Captioned web image data:
▽
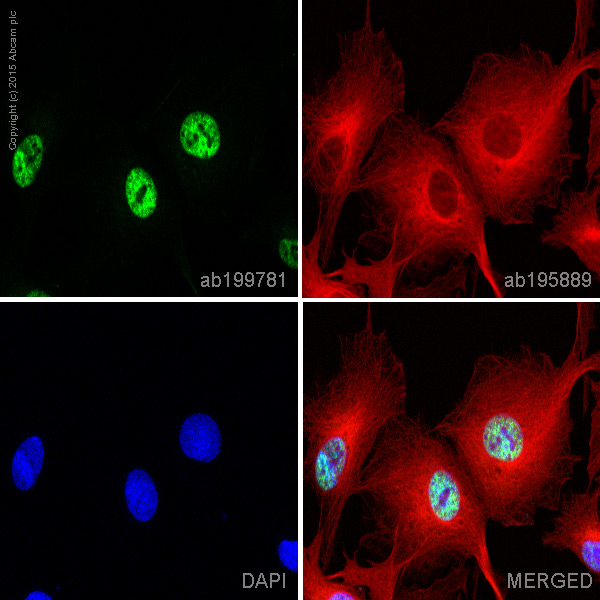 Immunocytochemistry/ Immunofluorescence - Alexa Fluor® 488 Anti-Musashi 1 / Msi1 antibody [EP1302] (AB199781), expandable thumbnail
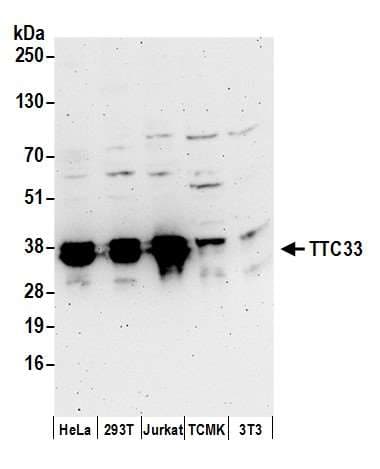 TTC33 Antibody (aa212-262)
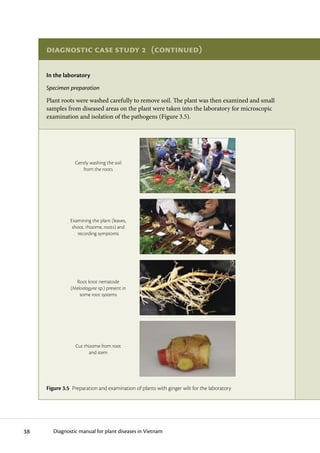 Diagnostic case study 2 (continued)

     In the laboratory
     Specimen preparation
     Plant roots were washed carefully to remove soil. The plant was then examined and small
     samples from diseased areas on the plant were taken into the laboratory for microscopic
     examination and isolation of the pathogens (Figure 3.5).




                  Gently washing the soil
                     from the roots




               Examining the plant (leaves,
                shoot, rhizome, roots) and
                   recording symptoms




                 Root knot nematode
               (Meloidogyne sp.) present in
                   some root systems




                  Cut rhizome from root
                         and stem




     Figure 3.5 Preparation and examination of plants with ginger wilt for the laboratory




38      Diagnostic manual for plant diseases in Vietnam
△
WHAT YOU HAVE TO DO
After locating the line with "some root systems", output that line and every later one exactly, through the end of the entries above.

REPLY TO THE TASK
                   some root systems




                  Cut rhizome from root
                         and stem




     Figure 3.5 Preparation and examination of plants with ginger wilt for the laboratory




38      Diagnostic manual for plant diseases in Vietnam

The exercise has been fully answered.